Сполоснувпшсь, он достал из-под ванны небольшую коробку, открыл и, размотав мягкую фланелевую тряпицу, взял в руки пистолет Макарова. В тусклом свете лампы блеснула гравировка "Лейтенанту Сарычеву А. С. за героизм и личное мужество" - коротко и со вкусом. Помнится, еще взяточник Щелоков подарил упокой, Господь, его генеральскую душу. Тогда, правда, было обидно - лучше бы звезду пораньше. Да ведь все, что ни делается, к лучшему. "Хоть и дерьмо, а все-таки ствол". - Александр Степанович протер патроны, снарядил обойму и, проверив затвор, пошел спать. А пистолетик-то, хоть и дерьмовый, все же положил под подушку...

Несмотря на усталость, заснул он не сразу, с телом происходило что-то странное. То откуда-то из глубины накатывали волны нестерпимого жара, и майор, скидывая с себя одеяло, весь покрывался испариной, то, уже через минуту, пот становился ледяным, и, щелкая зубами от холода, Сарычев проклинал свое путешествие в багажнике, полагая, что начинается простуда.
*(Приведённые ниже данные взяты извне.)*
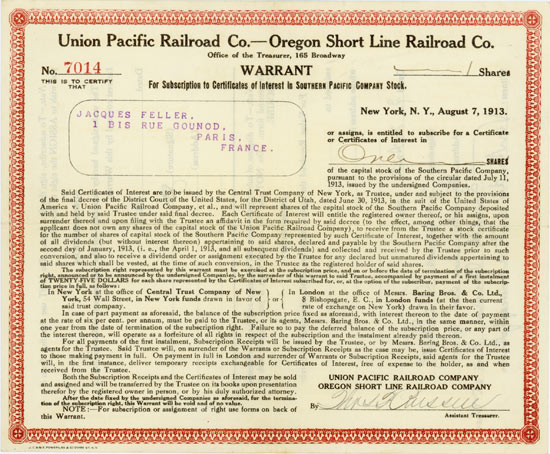 Union Pacific Railroad Co. - Oregon Short Line Railroad Co.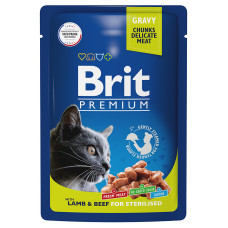 Brit - Паучи для кошекsс ягненком и говядиной в соусе
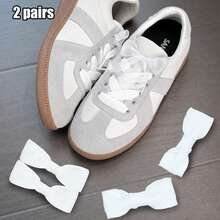 2 Pairs 2.5cm Wide Cute Lotus Lace Shoelaces With Lightweight Solid Color Chiffon Shoelaces, Multiple Wearing Styles For Daily Replacement, DIY Decoration - Ruffle-white+New Snow Gauze-#8001 Bleached - View 12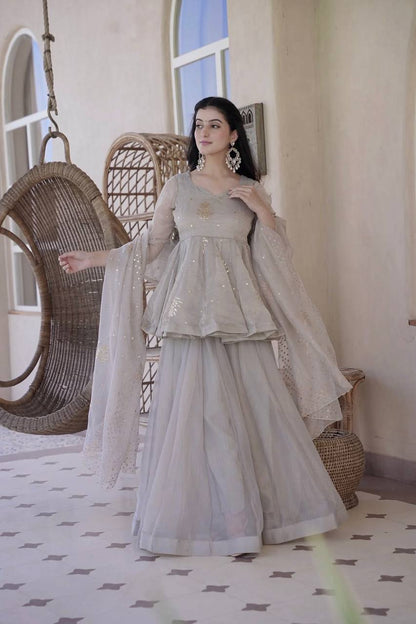 Very Attractive Grey Tabby Silk Sharara Suit with Foil Work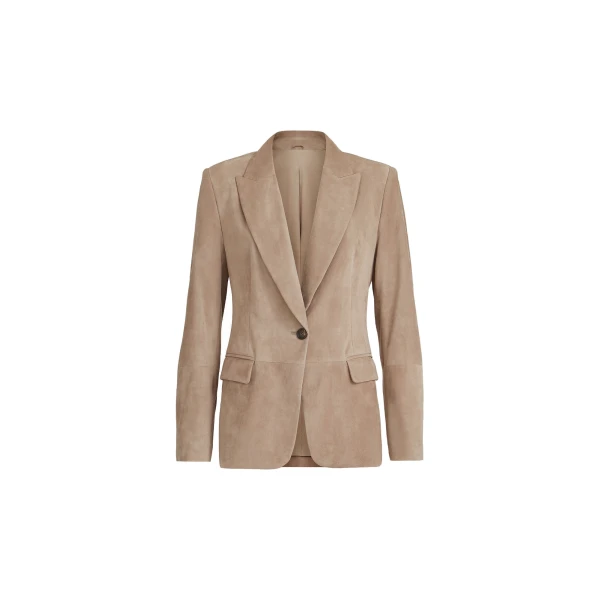 Suede blazer in Light Brown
Наконец под утро он задремал, и его сознание очутилось где-то посередине между сном и явью.

Майор ощутил себя пробирающимся по узкой, извилистой галерее. Двигаться все время приходилось в "распоре", внизу был обрыв, и Сарычев слышал, как при каждом шаге из-под его ног, обернутых толстой кожей быка-хака и надежно затянутых ремнями, раз за разом срываются и булькают где-то далеко внизу мелкие камни. Майор с удивлением отметил, что, несмотря на кромешную темень, он свободно различает окружающее, только не обычным зрением, а каким-то другим, не имеющим к глазам ни малейшего отношения. Наконец его обостренный слух отметил, что упавшие камни больше не булькают, а сухо ударяются о дно разлома, это означало, что Великий Нижний Поток ушел в сторону и Пещера Духов уже недалеко.

Скоро майор уловил легкое движение воздуха, инстинкт подсказал, что под ногами появилась опора, и он пополз по сужающемуся каменному коридору, торопясь, чтобы Владыка Смерти не учуял его. Неожиданно галерея расширилась, и Сарычев очутился в неправдоподобно огромном зале, стены которого были сплошь усеяны крупными, всевозможных цветов, кристаллами гипса. В центре пещеры бушевало Озеро Гнева, над его неспокойной поверхностью клубился молочно-белый пар. По запаху Сарычев безошибочно понял, что Духи сегодня в плохом настроении. Затаив дыхание и стараясь не смотреть на мутный водоворот, он приблизился ко входу в расщелину и, прокравшись по ней, оказался в сферическом гроте, свод которого украшали концентрические окружности желтоватых кристаллов.